### Source data
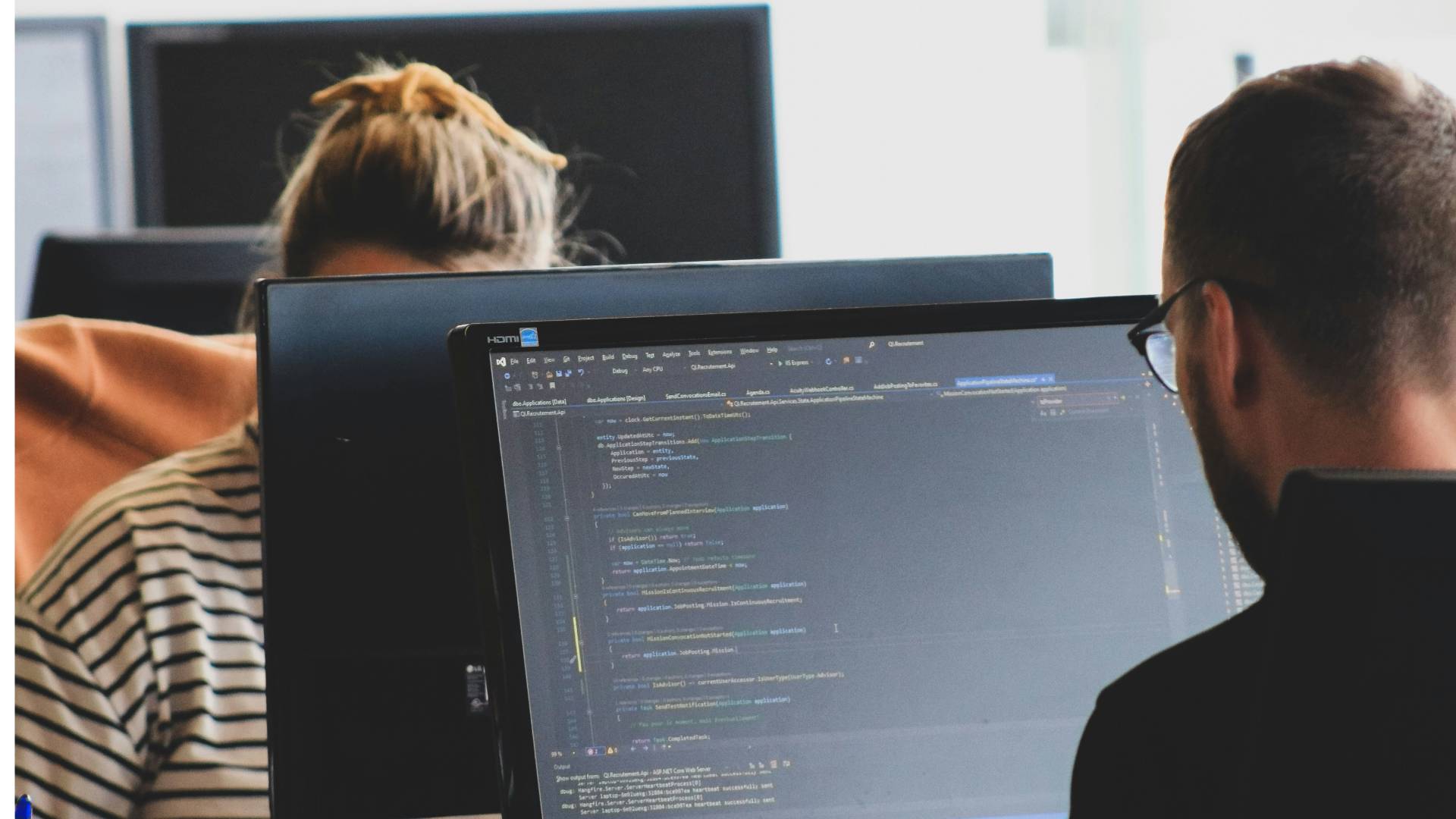 Dos personas trabajando en oficinas, una de espaldas frente a un ordenador, y otra con una camiseta de rayas parcialmente visible.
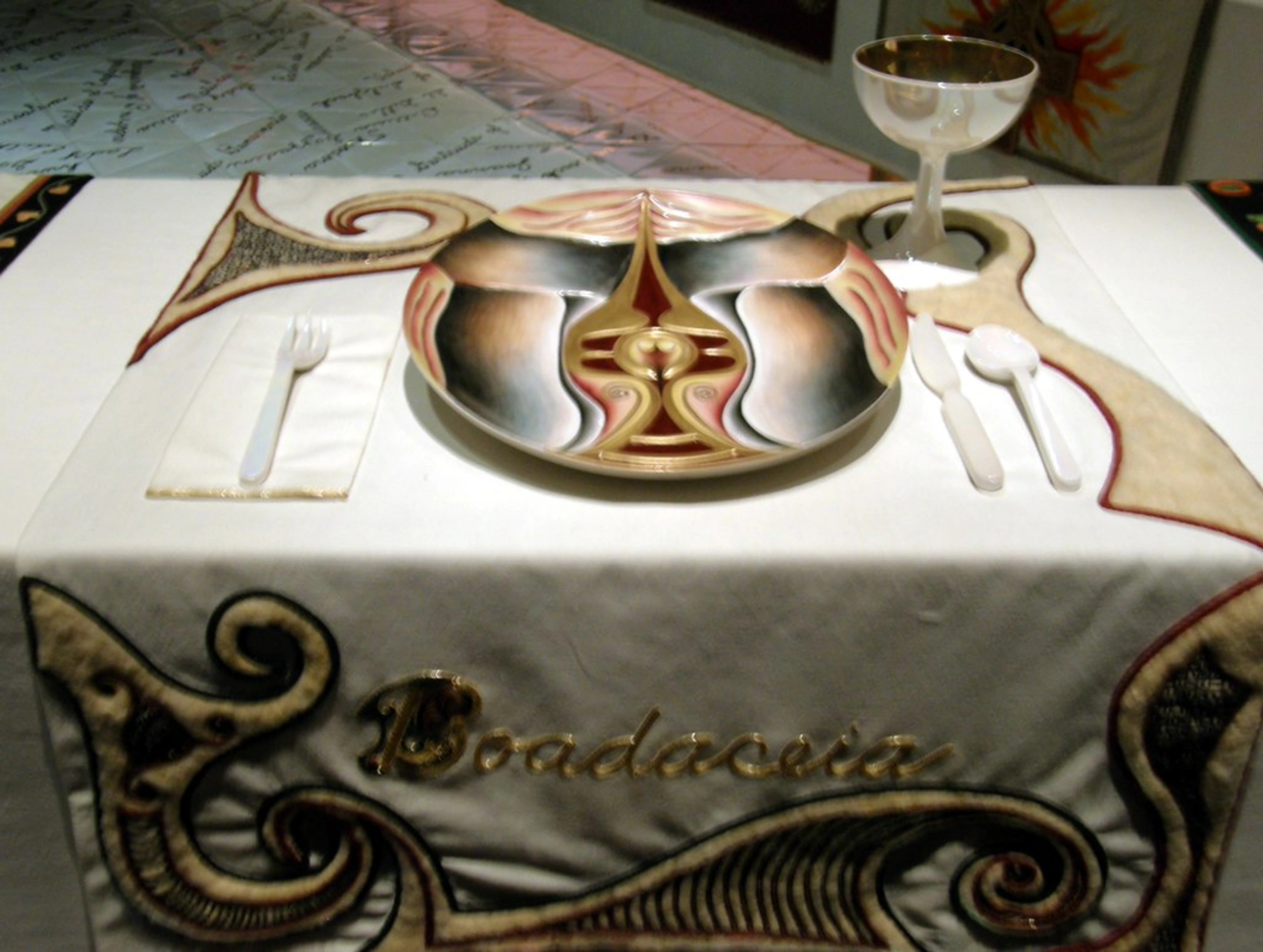 The Dinner Party by Judy Chicago, featuring the Boadaceia place setting with a ceramic plate, goblet, and cutlery on a decorated table runner.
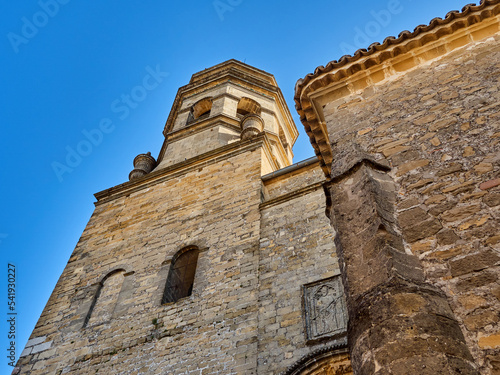 Close-up of the stone wall and tower of the Cathedral of Baeza, in Spanish: Catedral de la Natividad de Nuestra Señora. Province of Jaen, Andalusia, Spain photo
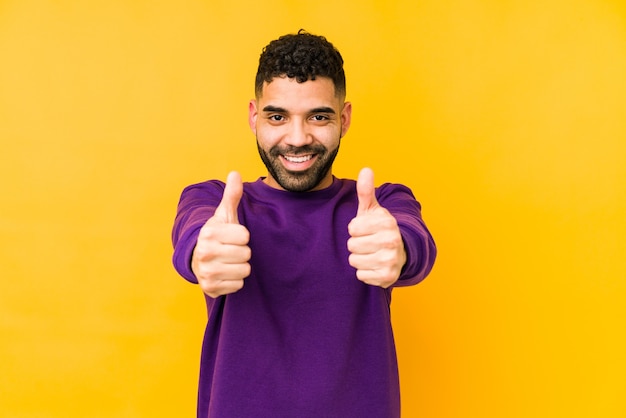 Jeune homme arabe métisse isolé avec des pouces vers le haut, applaudit quelque chose, concept de soutien et de respect.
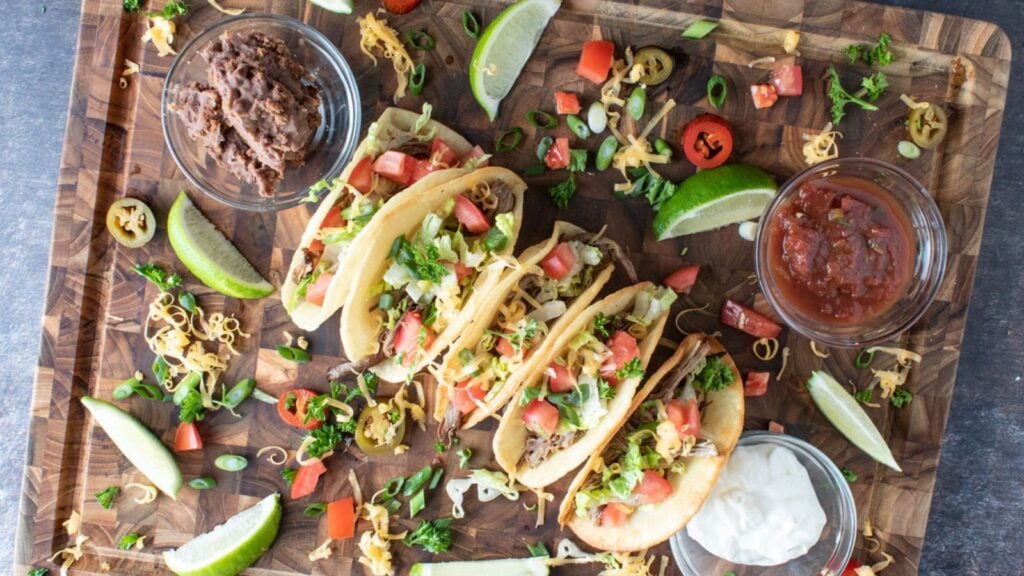 Overhead shot of colorful brisket tacos.
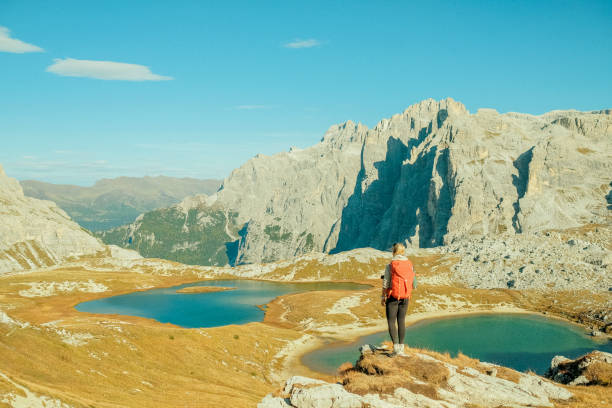 istock Young woman hikes up path in mountains 1902633182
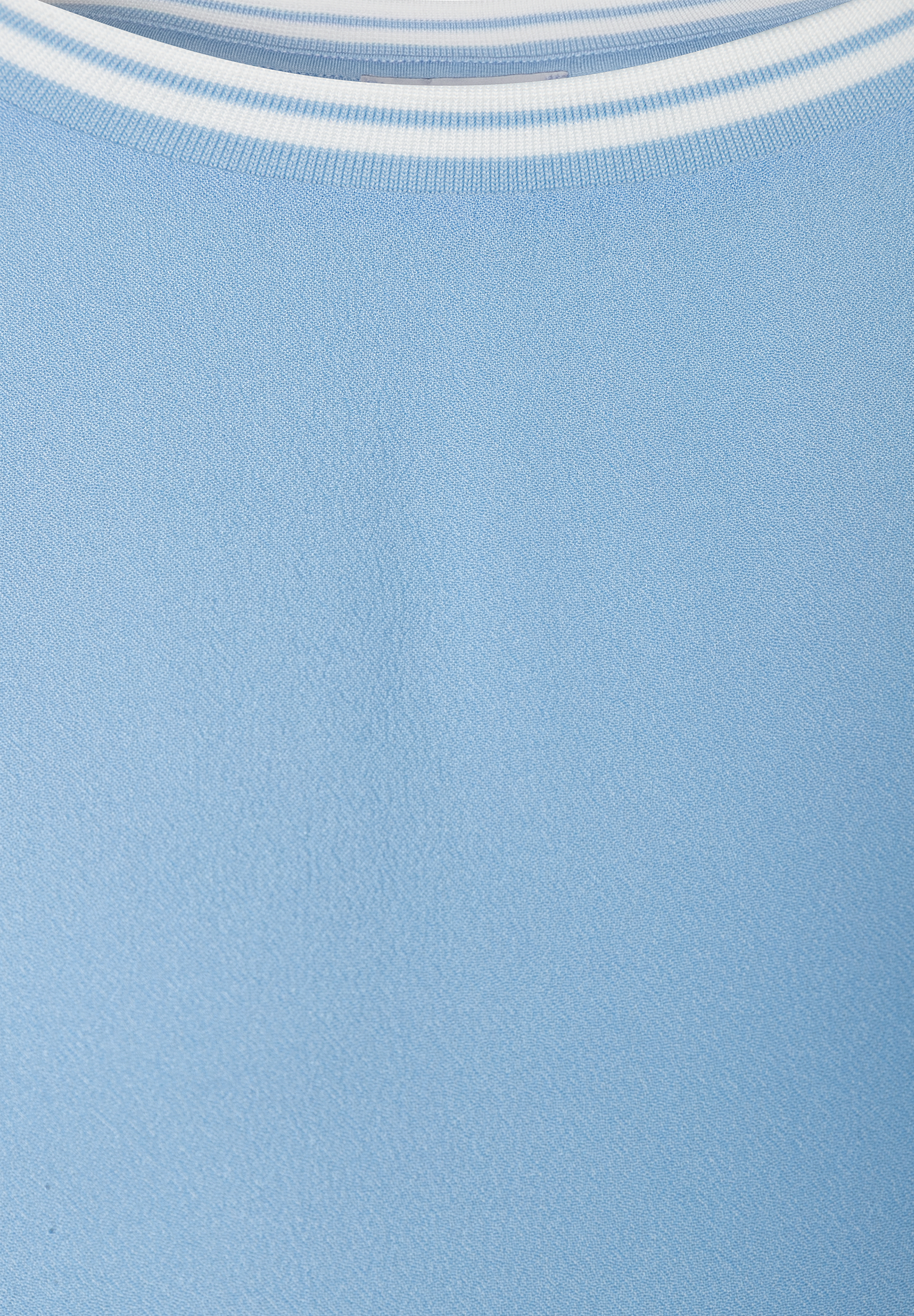 Nahaufnahme eines hellblauen MORE & MORE Oberteils mit weiß gestreiftem Halsausschnitt. Nahaufnahme eines hellblauen MORE & MORE Oberteils mit weiß gestreiftem Halsausschnitt.
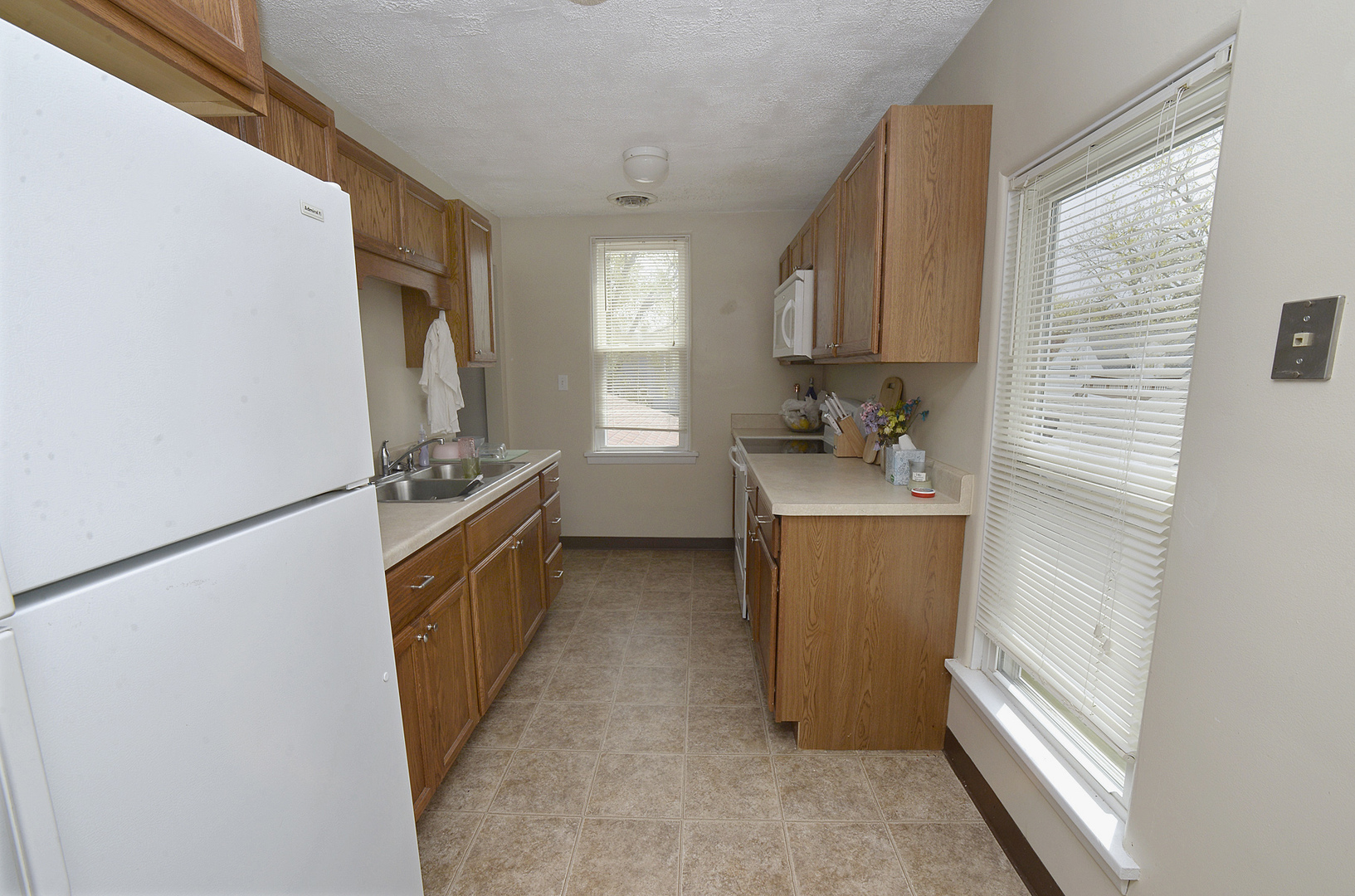 613 Webster Street Ottawa, IL 61350 - Photo 8 of 15 a bathroom with a sink a mirror and a toilet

### Problem requirements
Reproduce word for word the lines from the one containing "istock Young woman" through the end of the data, both ends kept. Drop the pictures.

### Answer to this exercise
 istock Young woman hikes up path in mountains 1902633182
 Nahaufnahme eines hellblauen MORE & MORE Oberteils mit weiß gestreiftem Halsausschnitt. Nahaufnahme eines hellblauen MORE & MORE Oberteils mit weiß gestreiftem Halsausschnitt.
 613 Webster Street Ottawa, IL 61350 - Photo 8 of 15 a bathroom with a sink a mirror and a toilet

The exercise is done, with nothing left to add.